Which brings us to the seasons of life. We bewail the dry periods of life—they are difficult and painful—yet every tree that flourishes goes though its winter cycle of apparent deadness. In Christian terms, remaining fresh is remaining faithful during the “long night of the soul.”

Ann and I often remind young marrieds, that difficulties in the relationship are not a sign the marriage is failing. Resolving them is the bedrock of a stronger marriage and closer relationship. Good marriages are built on the tough times, just as a mariner learns his craft on the rough seas.

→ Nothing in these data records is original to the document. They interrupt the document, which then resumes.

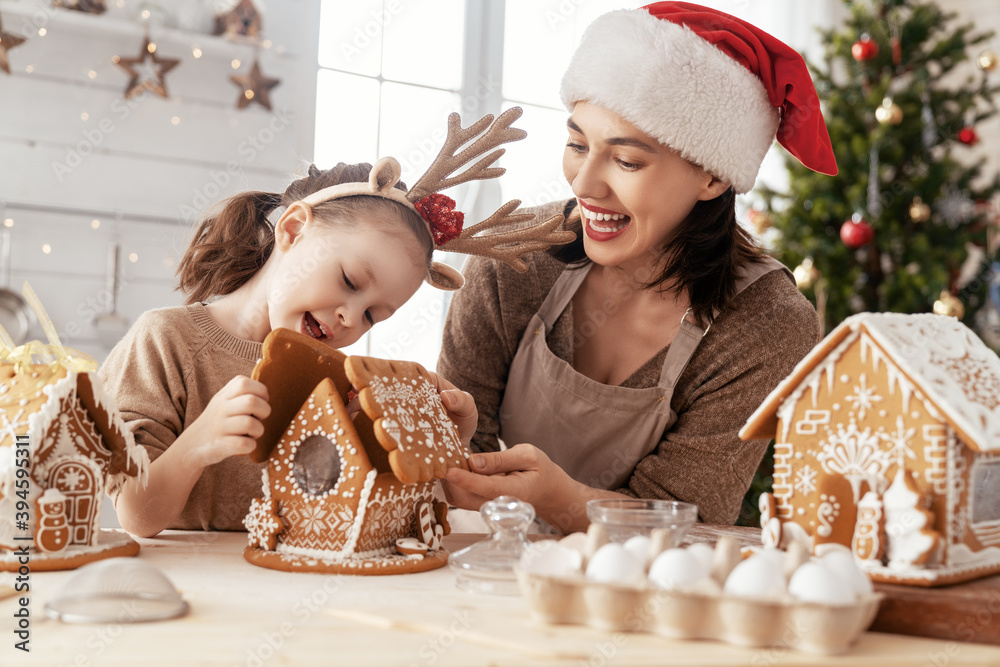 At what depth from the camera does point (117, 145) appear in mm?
3023

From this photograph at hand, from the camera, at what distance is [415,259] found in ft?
4.64

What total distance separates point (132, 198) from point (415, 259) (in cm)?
204

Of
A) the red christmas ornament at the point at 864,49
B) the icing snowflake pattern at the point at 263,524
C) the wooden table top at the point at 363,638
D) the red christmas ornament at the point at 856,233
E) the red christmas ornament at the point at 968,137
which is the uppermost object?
the red christmas ornament at the point at 864,49

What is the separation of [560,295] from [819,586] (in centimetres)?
114

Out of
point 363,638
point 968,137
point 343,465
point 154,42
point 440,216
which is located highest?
point 154,42

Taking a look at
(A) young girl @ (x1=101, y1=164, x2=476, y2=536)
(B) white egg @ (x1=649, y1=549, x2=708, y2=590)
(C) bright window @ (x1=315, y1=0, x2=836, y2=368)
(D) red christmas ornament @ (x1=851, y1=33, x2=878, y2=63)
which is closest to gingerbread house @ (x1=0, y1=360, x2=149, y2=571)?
(A) young girl @ (x1=101, y1=164, x2=476, y2=536)

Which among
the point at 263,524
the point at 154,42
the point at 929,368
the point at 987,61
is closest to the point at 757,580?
the point at 929,368

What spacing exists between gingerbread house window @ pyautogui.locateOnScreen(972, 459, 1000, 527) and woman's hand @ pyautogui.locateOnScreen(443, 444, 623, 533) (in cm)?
56

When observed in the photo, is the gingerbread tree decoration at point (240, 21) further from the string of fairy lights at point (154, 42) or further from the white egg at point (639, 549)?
the white egg at point (639, 549)

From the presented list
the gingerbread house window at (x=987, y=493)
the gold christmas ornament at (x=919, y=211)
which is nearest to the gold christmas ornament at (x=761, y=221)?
the gold christmas ornament at (x=919, y=211)

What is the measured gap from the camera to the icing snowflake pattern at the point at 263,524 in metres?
1.02

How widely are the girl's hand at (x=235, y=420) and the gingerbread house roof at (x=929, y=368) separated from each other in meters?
0.56

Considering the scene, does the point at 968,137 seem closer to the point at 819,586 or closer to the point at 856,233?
the point at 856,233

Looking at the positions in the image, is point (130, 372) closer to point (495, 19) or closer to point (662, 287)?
point (662, 287) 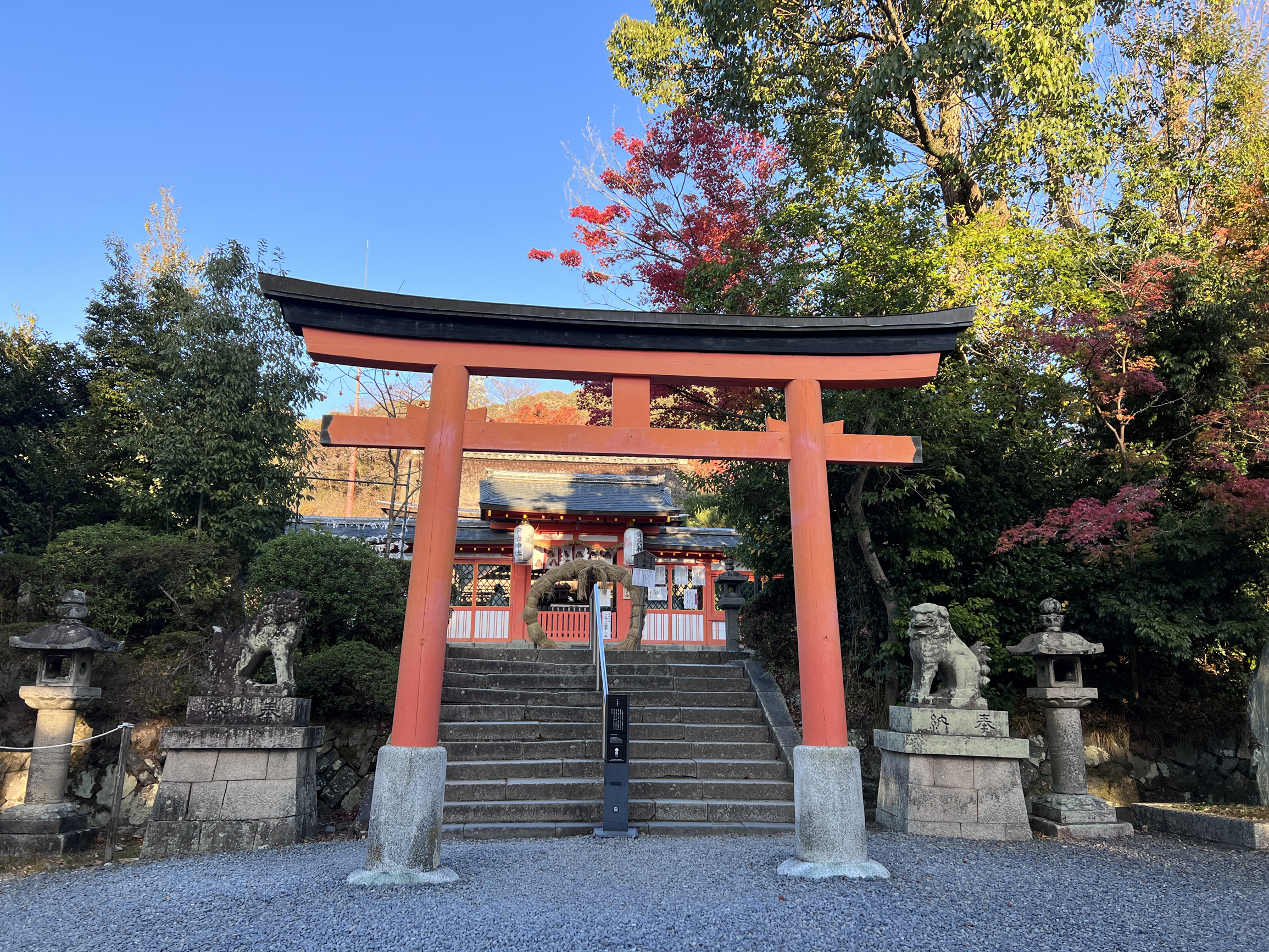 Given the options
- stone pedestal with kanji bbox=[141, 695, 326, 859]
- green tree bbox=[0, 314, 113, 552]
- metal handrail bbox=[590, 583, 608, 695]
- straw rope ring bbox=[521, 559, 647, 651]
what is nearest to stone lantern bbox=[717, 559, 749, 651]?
metal handrail bbox=[590, 583, 608, 695]

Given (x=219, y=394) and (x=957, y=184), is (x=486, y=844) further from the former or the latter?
(x=957, y=184)

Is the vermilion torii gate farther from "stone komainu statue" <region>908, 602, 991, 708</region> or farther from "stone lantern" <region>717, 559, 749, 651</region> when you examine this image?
"stone lantern" <region>717, 559, 749, 651</region>

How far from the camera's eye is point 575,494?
59.8 feet

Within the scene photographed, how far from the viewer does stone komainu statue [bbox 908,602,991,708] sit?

Many of the previous blogs indicate a freshness of understanding that comes on emerging from the dark periods. It’s not too exaggerated to say our faith and perseverance are built in those times; without them we would be spiritually poorer, and our output less real. Pat answers are for those who manage to sail through life on smooth seas.

Can we recognize the barren times as necessary as the flourishing times? After all, Ecclesiastes reminds us there is a time for everything. The particular work He has for us may require the times of searching and discovery the hard times bring.

We prefer to walk in a grassy meadow than a trackless desert, but even the inhospitable desert has a severe beauty. It is only as we emerge from the aridness we can see the grandeur of God’s plan and the hidden beauty of His handiwork.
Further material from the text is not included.